Given the opportunity to travel to Canada to collect an honorary degree, Emile (McKellen) makes contact with the remaining members of his estranged family. A tragic past and guilty secrets are exposed as he attempts to build a future with his niece (Unger) and her daughter (Crane).
With his third exploration into the theme of identity, after Johnny (1999) and Lola (2001), Canadian writer-director Bessai sets out to prove that the redemption found in so many Hollywood films is not so easily come by in real life.
After memorable turns as Magneto and Gandalf, Sir Ian returns to more familiar territory frail, flawed figures in search of forgiveness as the eponymous Emile, a retired lecturer for whom a trip to Canada offers the prospect of reconciliation with the estranged family he abandoned for England and academia decades earlier.

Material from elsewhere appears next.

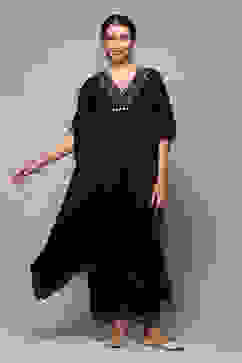 Purple Art Silk A-Line Kurta Palazzo Suit Set image number 6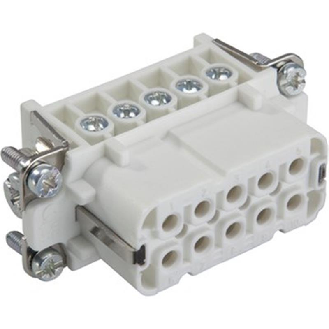 Insert femelle à visser pour sections jusqu'à 2,5 mm², 1-10 contacts-Lire la description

Although some of the supporting cast betray their relative inexperience, Sir Ian's fine performance is well matched by Unger (previously seen to great effect in Thirteen) as the niece Emile hardly knows, but for whose failed marriage and inability to relate to others (even her own daughter, impressively played by newcomer Theo Crane) Emile bears some responsibility.

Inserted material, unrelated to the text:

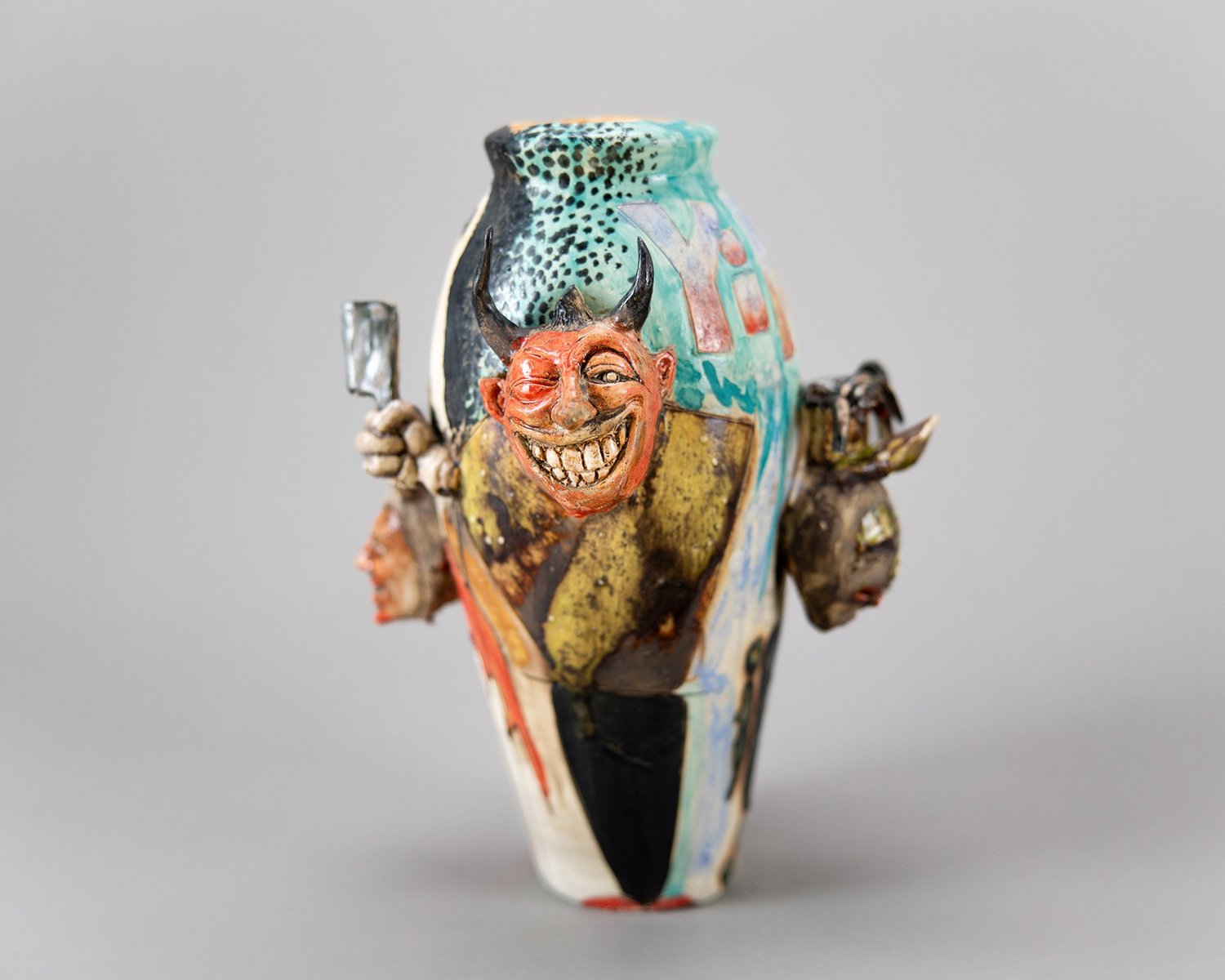 Unsurprising, sculpture by Charlie McGrady, view 7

Bessai's strengths as a writer are evident, not least in the way he finds organic, ingenious ways to render the flashbacks, and by his unwillingness to shy from difficult subject matter. As a director, however, his weakness are equally apparent, notably in his use of different film stocks to signal different moods and time periods, a film school conceit which distracts attention from an otherwise thoroughly absorbing story.
To a point. Technical shortcomings aside this is a good story well told, elevated by McKellen on top form.